GIVEN INFORMATION:
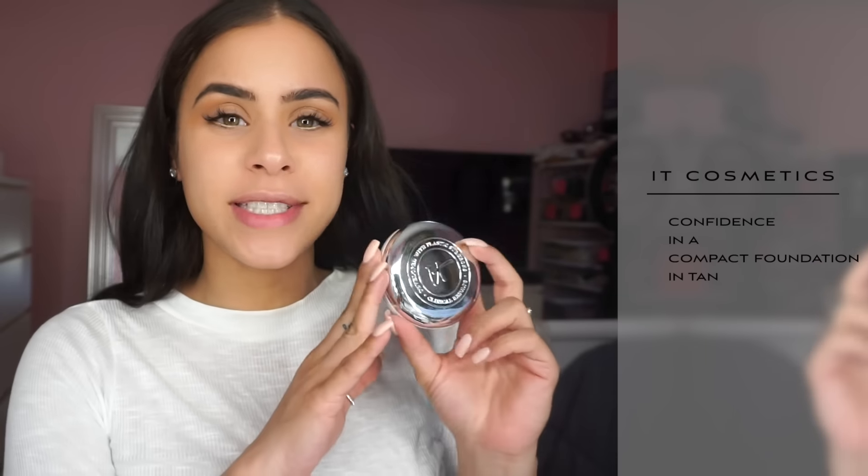Moving on to foundation — I'll be using the IT Cosmetics new foundation called Confidence in a Compact. I used this shade yesterday and my skin just glowed all day. It's a solid foundation but it's infused with a serum, which is what I was most excited about, because this winter my skin has been so dry for the first time ever. I've just been going crazy trying to find products that will keep my skin moisturized and looking great under foundation instead of cakey or dry.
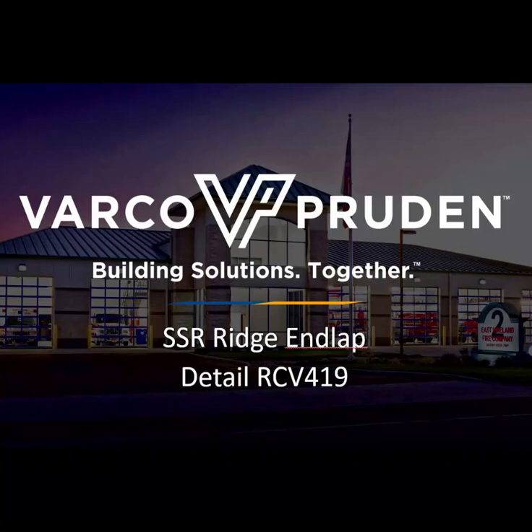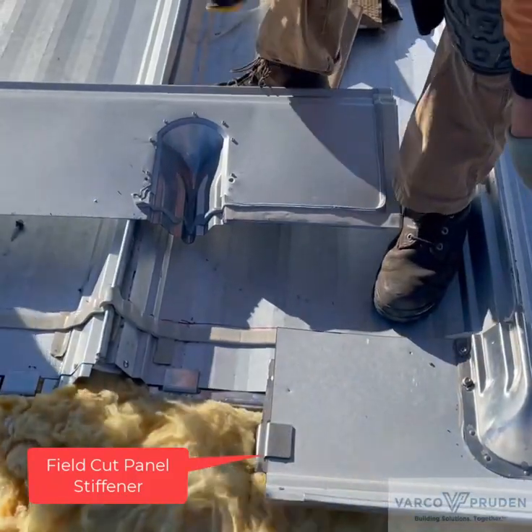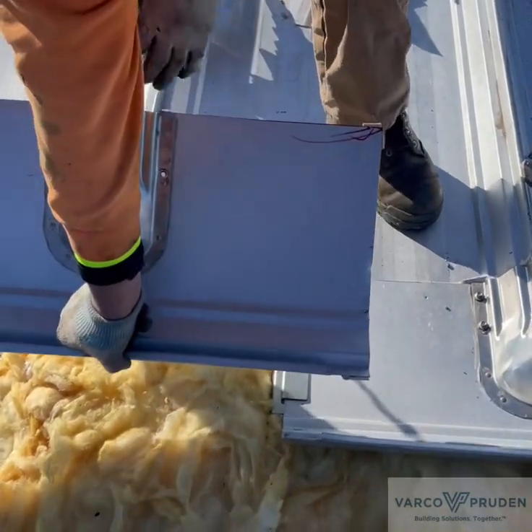Today we are going to be talking about the in-lap of the SSR ridge panels. The panel stiffeners are frequently left out. Looking at this detail, you field cut a panel stiffener so it rests on top of the panel stiffener that was installed on the end of the roof panel. This erector has the cut panel stiffener in place and the next ridge panel pre-cocked.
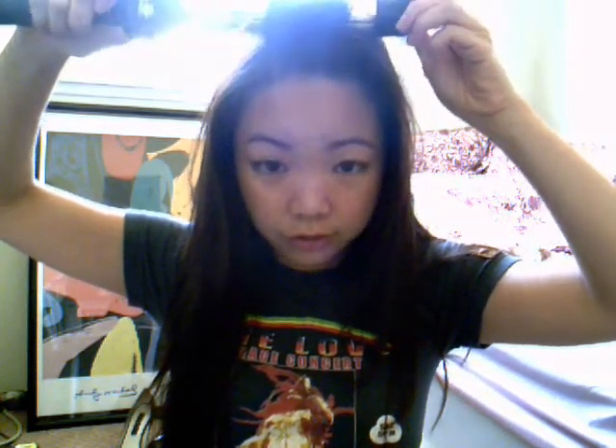And then with your bangs, I think you should always roll back and not roll forward. So, see here, I'm going to grab it right in the center and then wrap it around. I believe that when you do the tip, you don't get as much of a curl, so I'm going to pull back a little and just roll back. You're going to count to five, and then you're going to unroll.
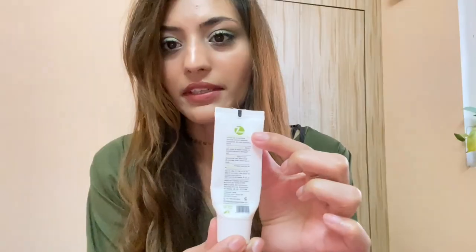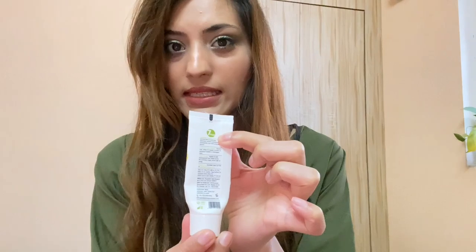Since I already have colored and chemically treated hair, the UV shield claim is a good thing for me. The product is labeled '7 free,' meaning it does not contain silicones, sulfates, parabens, alcohols, chelates, zinc, or propylene glycol. I really like that it has no parabens because I don't want any parabens in my hair products.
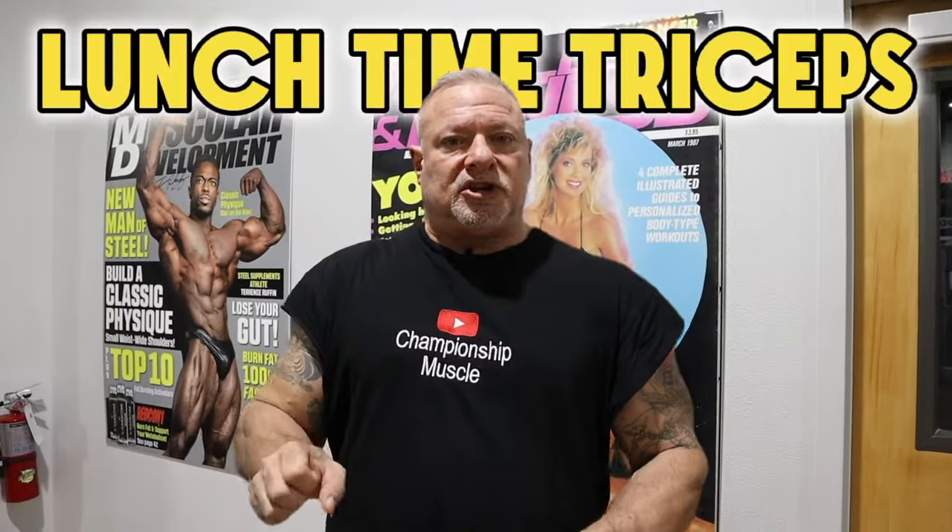We're going to do what we call lunchtime triceps — for all the working people that have to be back at work within that hour or so and want to get that workout in, because a lot of times the place you're working has a gym facility. You want to get an effective workout, a good workout, and get that skin splitting pump, but you're cut for just such a brief period of time. I'm going to show you an effective tricep workout that's going to give you that skin splitting pump and also get you back to work on time. Follow me into the gym and we'll get this party started.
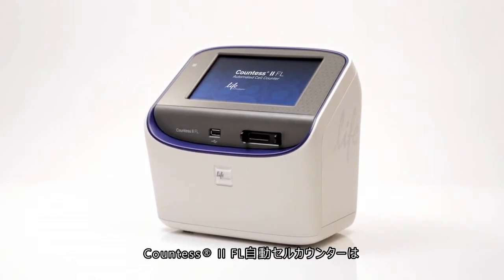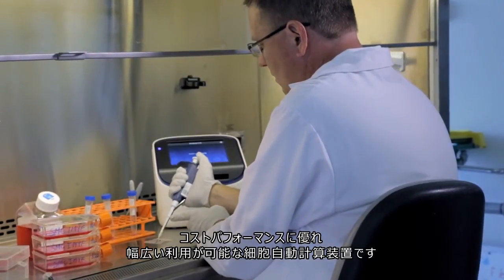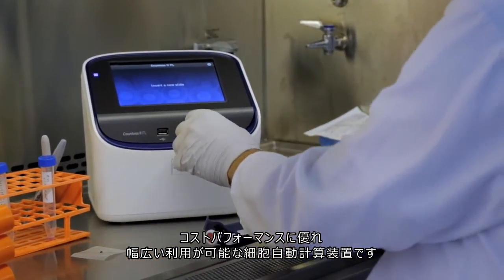Introducing the Countess2 FL automated cell counter. The Countess2 FL cell counter gives you the flexibility to fit your cell counting needs and also your lab budget.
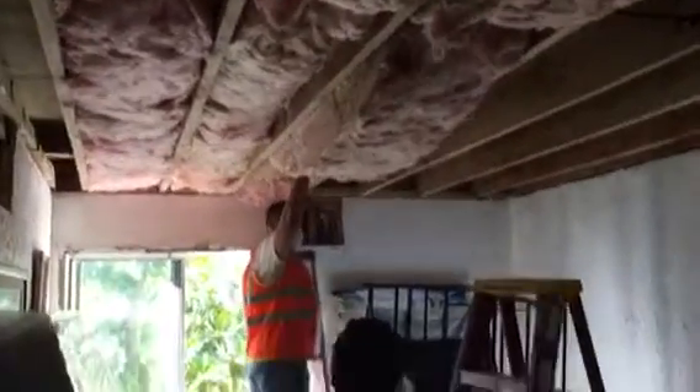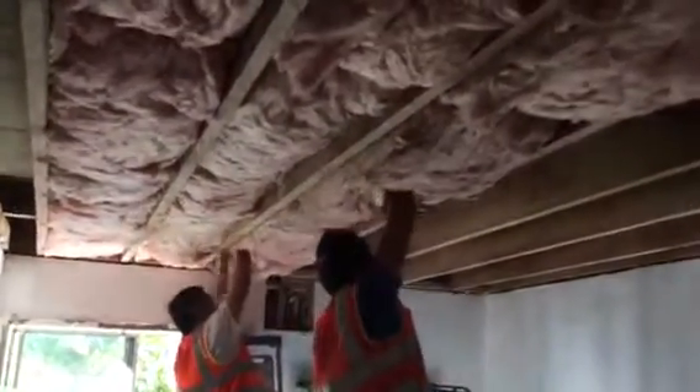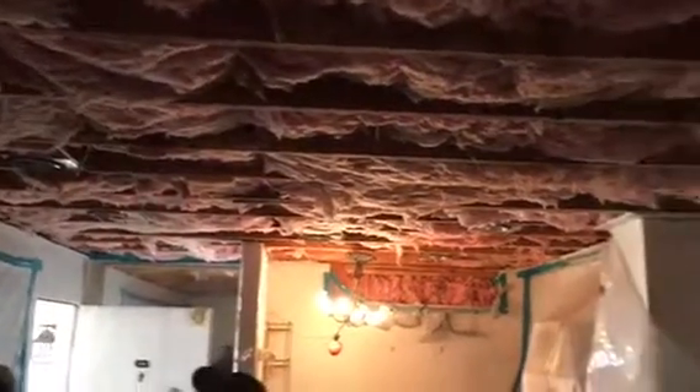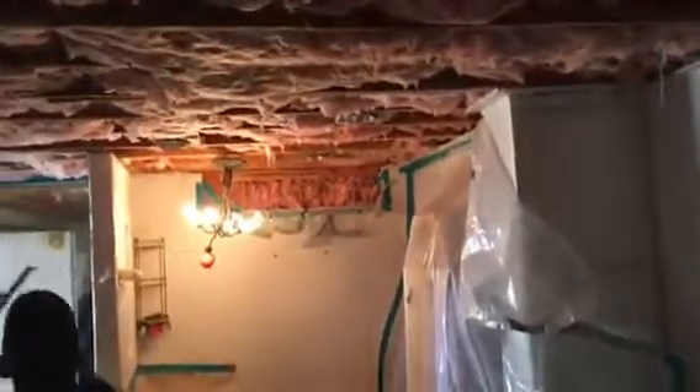Here we go, just installing the insulation. Putting everything in and then we're gonna strap it. So that's again insulation going in. Here we go, insulation went in.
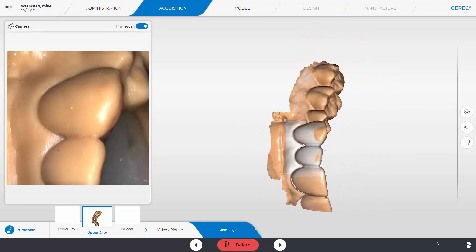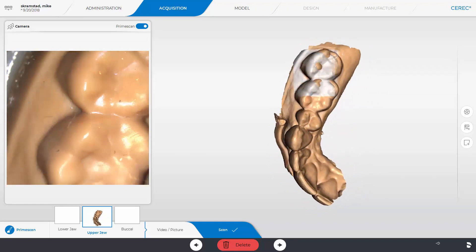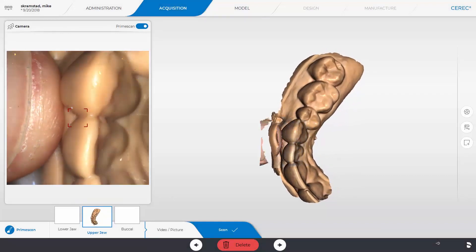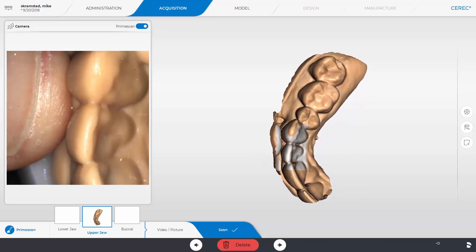Now as I quickly finish scanning this model, you'll watch me go ahead and try to scan my thumb and the software will not even let you scan it. As I move towards the thumb, it cuts it away immediately. It knows it does not belong and will not let you scan it.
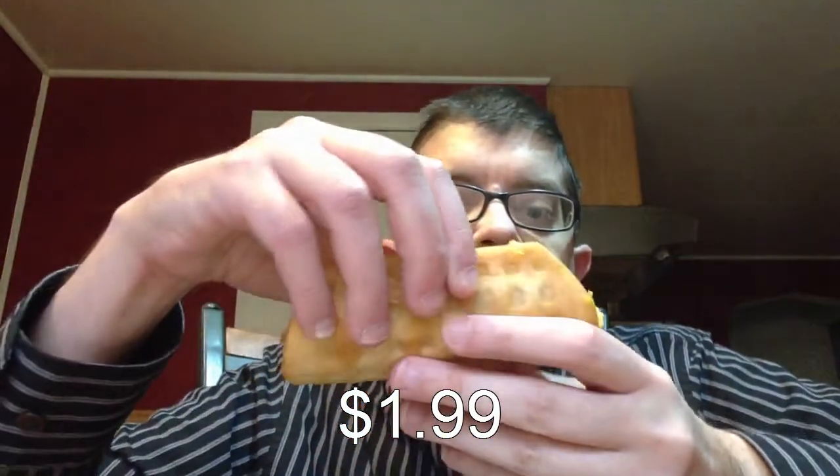Hello and welcome to another episode of Gary's Food Review. Today I'll be reviewing Taco Bell's new breakfast taco, the sausage edition. This breakfast taco costs $1.99 before tax and has a waffle-shaped taco shell with sausage, scrambled eggs, and cheese melted on top.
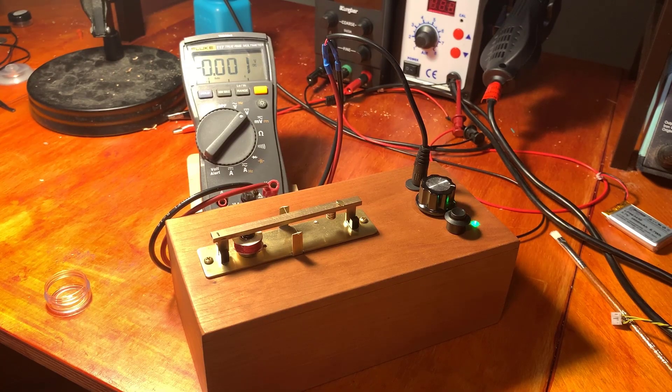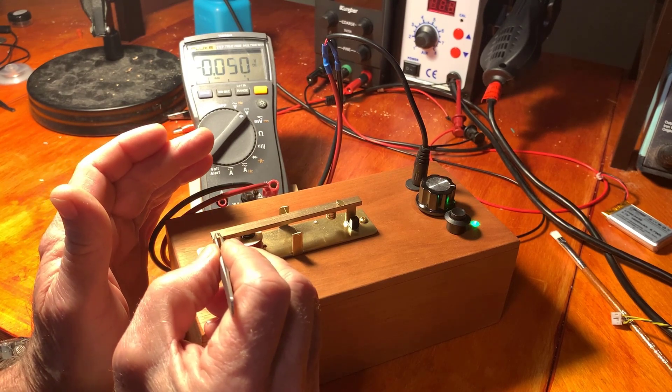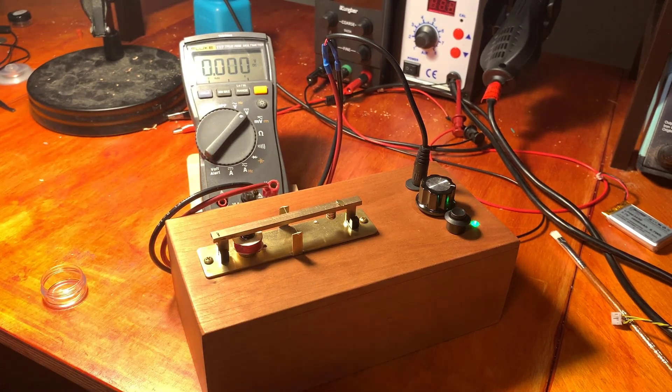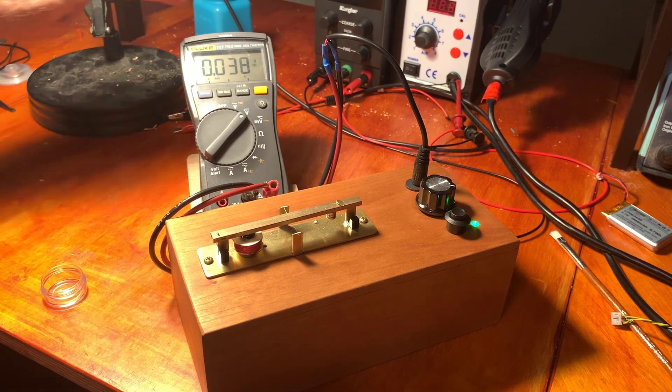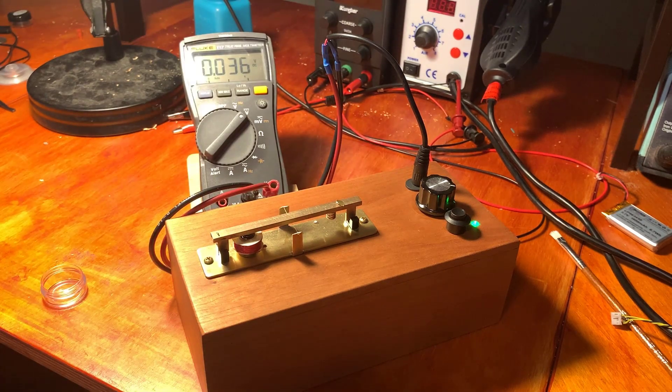I'm going to weigh that little bead on this analytical balance. The way I've got it set up, I multiply the reading by 20 and that's in micrograms. I'll call it 0.74 — so 0.74 milligrams.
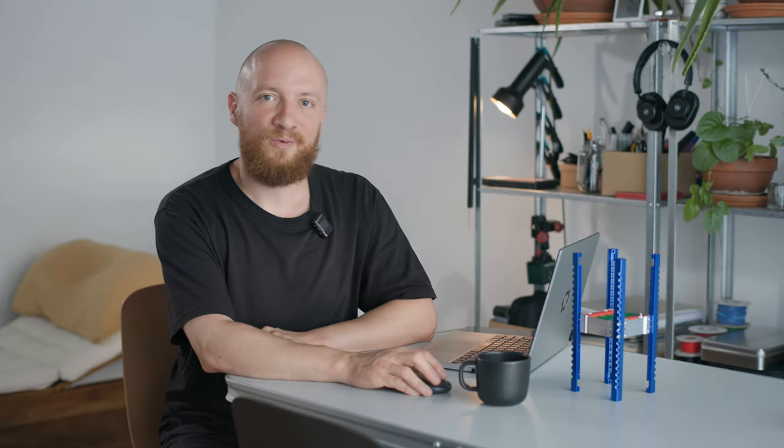This wraps up our walkthrough of the EPS schematic. In the next video we are going to have a quick update on the structure, and in the one after that we are starting the layout for this board. As always, I'm happy to read your comments if you have any thoughts about all of this. Thank you very much for watching and I'll see you in the next video.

INSTRUCTIONS TO FOLLOW:
Your answer must be the lines above from the one holding "And then with" up to and including the one holding "Hello and welcome", exact and with no pictures.

RESPONSE AREA:
And then with your bangs, I think you should always roll back and not roll forward. So, see here, I'm going to grab it right in the center and then wrap it around. I believe that when you do the tip, you don't get as much of a curl, so I'm going to pull back a little and just roll back. You're going to count to five, and then you're going to unroll.
Since I already have colored and chemically treated hair, the UV shield claim is a good thing for me. The product is labeled '7 free,' meaning it does not contain silicones, sulfates, parabens, alcohols, chelates, zinc, or propylene glycol. I really like that it has no parabens because I don't want any parabens in my hair products.
We're going to do what we call lunchtime triceps — for all the working people that have to be back at work within that hour or so and want to get that workout in, because a lot of times the place you're working has a gym facility. You want to get an effective workout, a good workout, and get that skin splitting pump, but you're cut for just such a brief period of time. I'm going to show you an effective tricep workout that's going to give you that skin splitting pump and also get you back to work on time. Follow me into the gym and we'll get this party started.
Introducing the Countess2 FL automated cell counter. The Countess2 FL cell counter gives you the flexibility to fit your cell counting needs and also your lab budget.
Here we go, just installing the insulation. Putting everything in and then we're gonna strap it. So that's again insulation going in. Here we go, insulation went in.
Now as I quickly finish scanning this model, you'll watch me go ahead and try to scan my thumb and the software will not even let you scan it. As I move towards the thumb, it cuts it away immediately. It knows it does not belong and will not let you scan it.
Hello and welcome to another episode of Gary's Food Review. Today I'll be reviewing Taco Bell's new breakfast taco, the sausage edition. This breakfast taco costs $1.99 before tax and has a waffle-shaped taco shell with sausage, scrambled eggs, and cheese melted on top.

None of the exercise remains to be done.